- [Assignment]: Output all of the entries exactly as written.

- [Records shown]:
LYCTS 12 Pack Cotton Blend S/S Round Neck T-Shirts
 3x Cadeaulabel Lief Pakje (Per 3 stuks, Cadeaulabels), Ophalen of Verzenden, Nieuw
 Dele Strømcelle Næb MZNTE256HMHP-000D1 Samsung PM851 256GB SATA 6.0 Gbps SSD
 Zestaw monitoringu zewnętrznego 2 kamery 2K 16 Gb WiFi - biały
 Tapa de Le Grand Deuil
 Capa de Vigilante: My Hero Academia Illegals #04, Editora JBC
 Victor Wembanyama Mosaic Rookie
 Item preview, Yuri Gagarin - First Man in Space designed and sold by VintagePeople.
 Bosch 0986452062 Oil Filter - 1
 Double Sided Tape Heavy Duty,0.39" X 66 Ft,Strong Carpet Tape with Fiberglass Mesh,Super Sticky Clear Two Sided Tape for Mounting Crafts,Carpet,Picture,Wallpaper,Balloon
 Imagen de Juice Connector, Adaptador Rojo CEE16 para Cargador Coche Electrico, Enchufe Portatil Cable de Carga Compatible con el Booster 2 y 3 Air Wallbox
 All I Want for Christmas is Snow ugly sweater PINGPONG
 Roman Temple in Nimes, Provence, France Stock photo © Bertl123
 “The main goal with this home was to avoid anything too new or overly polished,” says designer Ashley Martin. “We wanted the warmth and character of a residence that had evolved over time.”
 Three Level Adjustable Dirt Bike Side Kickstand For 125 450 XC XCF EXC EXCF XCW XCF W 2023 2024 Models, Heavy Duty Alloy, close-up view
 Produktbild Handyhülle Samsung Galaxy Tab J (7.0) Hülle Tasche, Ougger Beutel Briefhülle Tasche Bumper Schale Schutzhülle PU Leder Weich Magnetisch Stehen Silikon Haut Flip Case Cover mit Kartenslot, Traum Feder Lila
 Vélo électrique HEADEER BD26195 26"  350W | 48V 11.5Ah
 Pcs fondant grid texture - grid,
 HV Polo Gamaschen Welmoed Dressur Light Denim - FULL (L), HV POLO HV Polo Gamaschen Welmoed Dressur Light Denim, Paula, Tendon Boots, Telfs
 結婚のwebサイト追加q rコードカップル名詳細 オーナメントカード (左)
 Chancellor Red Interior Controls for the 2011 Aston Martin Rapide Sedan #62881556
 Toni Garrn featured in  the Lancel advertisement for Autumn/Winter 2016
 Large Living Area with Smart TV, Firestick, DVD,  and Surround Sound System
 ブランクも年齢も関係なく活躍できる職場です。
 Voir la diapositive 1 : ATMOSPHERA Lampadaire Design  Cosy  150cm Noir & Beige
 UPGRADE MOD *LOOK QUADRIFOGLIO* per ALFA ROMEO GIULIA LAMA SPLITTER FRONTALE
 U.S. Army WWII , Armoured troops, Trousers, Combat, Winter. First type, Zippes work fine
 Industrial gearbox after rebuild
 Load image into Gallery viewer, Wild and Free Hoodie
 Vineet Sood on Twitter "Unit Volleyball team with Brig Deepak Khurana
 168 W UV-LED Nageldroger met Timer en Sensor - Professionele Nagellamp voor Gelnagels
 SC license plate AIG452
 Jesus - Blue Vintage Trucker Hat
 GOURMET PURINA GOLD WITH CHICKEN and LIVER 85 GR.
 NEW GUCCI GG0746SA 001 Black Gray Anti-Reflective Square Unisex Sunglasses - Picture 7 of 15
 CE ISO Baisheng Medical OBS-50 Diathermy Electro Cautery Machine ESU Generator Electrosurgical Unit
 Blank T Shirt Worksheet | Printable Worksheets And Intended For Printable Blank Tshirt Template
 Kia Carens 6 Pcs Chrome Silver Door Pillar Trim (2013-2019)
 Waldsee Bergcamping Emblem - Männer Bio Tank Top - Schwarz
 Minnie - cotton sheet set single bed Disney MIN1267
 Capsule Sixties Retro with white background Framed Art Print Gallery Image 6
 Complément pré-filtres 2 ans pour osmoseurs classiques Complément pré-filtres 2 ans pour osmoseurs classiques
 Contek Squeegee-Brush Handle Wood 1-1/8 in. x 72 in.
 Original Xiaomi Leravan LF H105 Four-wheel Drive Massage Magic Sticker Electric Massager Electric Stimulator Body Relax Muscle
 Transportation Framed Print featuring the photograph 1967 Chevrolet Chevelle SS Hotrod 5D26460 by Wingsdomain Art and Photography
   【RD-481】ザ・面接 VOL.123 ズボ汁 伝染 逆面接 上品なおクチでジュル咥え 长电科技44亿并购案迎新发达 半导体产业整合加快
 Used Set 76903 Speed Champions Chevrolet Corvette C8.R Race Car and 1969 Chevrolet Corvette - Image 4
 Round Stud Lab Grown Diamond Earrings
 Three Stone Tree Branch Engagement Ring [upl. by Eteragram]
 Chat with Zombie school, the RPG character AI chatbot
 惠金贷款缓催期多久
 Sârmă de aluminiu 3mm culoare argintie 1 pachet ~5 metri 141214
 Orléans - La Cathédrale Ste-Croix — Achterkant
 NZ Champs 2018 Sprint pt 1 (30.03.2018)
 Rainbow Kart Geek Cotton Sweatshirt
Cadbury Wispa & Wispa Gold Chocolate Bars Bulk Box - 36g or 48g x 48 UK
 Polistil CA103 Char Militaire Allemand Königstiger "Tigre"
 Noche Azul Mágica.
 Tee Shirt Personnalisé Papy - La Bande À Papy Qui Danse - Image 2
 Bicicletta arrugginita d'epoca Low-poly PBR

- [Output for this task]:
LYCTS 12 Pack Cotton Blend S/S Round Neck T-Shirts
 3x Cadeaulabel Lief Pakje (Per 3 stuks, Cadeaulabels), Ophalen of Verzenden, Nieuw
 Dele Strømcelle Næb MZNTE256HMHP-000D1 Samsung PM851 256GB SATA 6.0 Gbps SSD
 Zestaw monitoringu zewnętrznego 2 kamery 2K 16 Gb WiFi - biały
 Tapa de Le Grand Deuil
 Capa de Vigilante: My Hero Academia Illegals #04, Editora JBC
 Victor Wembanyama Mosaic Rookie
 Item preview, Yuri Gagarin - First Man in Space designed and sold by VintagePeople.
 Bosch 0986452062 Oil Filter - 1
 Double Sided Tape Heavy Duty,0.39" X 66 Ft,Strong Carpet Tape with Fiberglass Mesh,Super Sticky Clear Two Sided Tape for Mounting Crafts,Carpet,Picture,Wallpaper,Balloon
 Imagen de Juice Connector, Adaptador Rojo CEE16 para Cargador Coche Electrico, Enchufe Portatil Cable de Carga Compatible con el Booster 2 y 3 Air Wallbox
 All I Want for Christmas is Snow ugly sweater PINGPONG
 Roman Temple in Nimes, Provence, France Stock photo © Bertl123
 “The main goal with this home was to avoid anything too new or overly polished,” says designer Ashley Martin. “We wanted the warmth and character of a residence that had evolved over time.”
 Three Level Adjustable Dirt Bike Side Kickstand For 125 450 XC XCF EXC EXCF XCW XCF W 2023 2024 Models, Heavy Duty Alloy, close-up view
 Produktbild Handyhülle Samsung Galaxy Tab J (7.0) Hülle Tasche, Ougger Beutel Briefhülle Tasche Bumper Schale Schutzhülle PU Leder Weich Magnetisch Stehen Silikon Haut Flip Case Cover mit Kartenslot, Traum Feder Lila
 Vélo électrique HEADEER BD26195 26"  350W | 48V 11.5Ah
 Pcs fondant grid texture - grid,
 HV Polo Gamaschen Welmoed Dressur Light Denim - FULL (L), HV POLO HV Polo Gamaschen Welmoed Dressur Light Denim, Paula, Tendon Boots, Telfs
 結婚のwebサイト追加q rコードカップル名詳細 オーナメントカード (左)
 Chancellor Red Interior Controls for the 2011 Aston Martin Rapide Sedan #62881556
 Toni Garrn featured in  the Lancel advertisement for Autumn/Winter 2016
 Large Living Area with Smart TV, Firestick, DVD,  and Surround Sound System
 ブランクも年齢も関係なく活躍できる職場です。
 Voir la diapositive 1 : ATMOSPHERA Lampadaire Design  Cosy  150cm Noir & Beige
 UPGRADE MOD *LOOK QUADRIFOGLIO* per ALFA ROMEO GIULIA LAMA SPLITTER FRONTALE
 U.S. Army WWII , Armoured troops, Trousers, Combat, Winter. First type, Zippes work fine
 Industrial gearbox after rebuild
 Load image into Gallery viewer, Wild and Free Hoodie
 Vineet Sood on Twitter "Unit Volleyball team with Brig Deepak Khurana
 168 W UV-LED Nageldroger met Timer en Sensor - Professionele Nagellamp voor Gelnagels
 SC license plate AIG452
 Jesus - Blue Vintage Trucker Hat
 GOURMET PURINA GOLD WITH CHICKEN and LIVER 85 GR.
 NEW GUCCI GG0746SA 001 Black Gray Anti-Reflective Square Unisex Sunglasses - Picture 7 of 15
 CE ISO Baisheng Medical OBS-50 Diathermy Electro Cautery Machine ESU Generator Electrosurgical Unit
 Blank T Shirt Worksheet | Printable Worksheets And Intended For Printable Blank Tshirt Template
 Kia Carens 6 Pcs Chrome Silver Door Pillar Trim (2013-2019)
 Waldsee Bergcamping Emblem - Männer Bio Tank Top - Schwarz
 Minnie - cotton sheet set single bed Disney MIN1267
 Capsule Sixties Retro with white background Framed Art Print Gallery Image 6
 Complément pré-filtres 2 ans pour osmoseurs classiques Complément pré-filtres 2 ans pour osmoseurs classiques
 Contek Squeegee-Brush Handle Wood 1-1/8 in. x 72 in.
 Original Xiaomi Leravan LF H105 Four-wheel Drive Massage Magic Sticker Electric Massager Electric Stimulator Body Relax Muscle
 Transportation Framed Print featuring the photograph 1967 Chevrolet Chevelle SS Hotrod 5D26460 by Wingsdomain Art and Photography
   【RD-481】ザ・面接 VOL.123 ズボ汁 伝染 逆面接 上品なおクチでジュル咥え 长电科技44亿并购案迎新发达 半导体产业整合加快
 Used Set 76903 Speed Champions Chevrolet Corvette C8.R Race Car and 1969 Chevrolet Corvette - Image 4
 Round Stud Lab Grown Diamond Earrings
 Three Stone Tree Branch Engagement Ring [upl. by Eteragram]
 Chat with Zombie school, the RPG character AI chatbot
 惠金贷款缓催期多久
 Sârmă de aluminiu 3mm culoare argintie 1 pachet ~5 metri 141214
 Orléans - La Cathédrale Ste-Croix — Achterkant
 NZ Champs 2018 Sprint pt 1 (30.03.2018)
 Rainbow Kart Geek Cotton Sweatshirt
Cadbury Wispa & Wispa Gold Chocolate Bars Bulk Box - 36g or 48g x 48 UK
 Polistil CA103 Char Militaire Allemand Königstiger "Tigre"
 Noche Azul Mágica.
 Tee Shirt Personnalisé Papy - La Bande À Papy Qui Danse - Image 2
 Bicicletta arrugginita d'epoca Low-poly PBR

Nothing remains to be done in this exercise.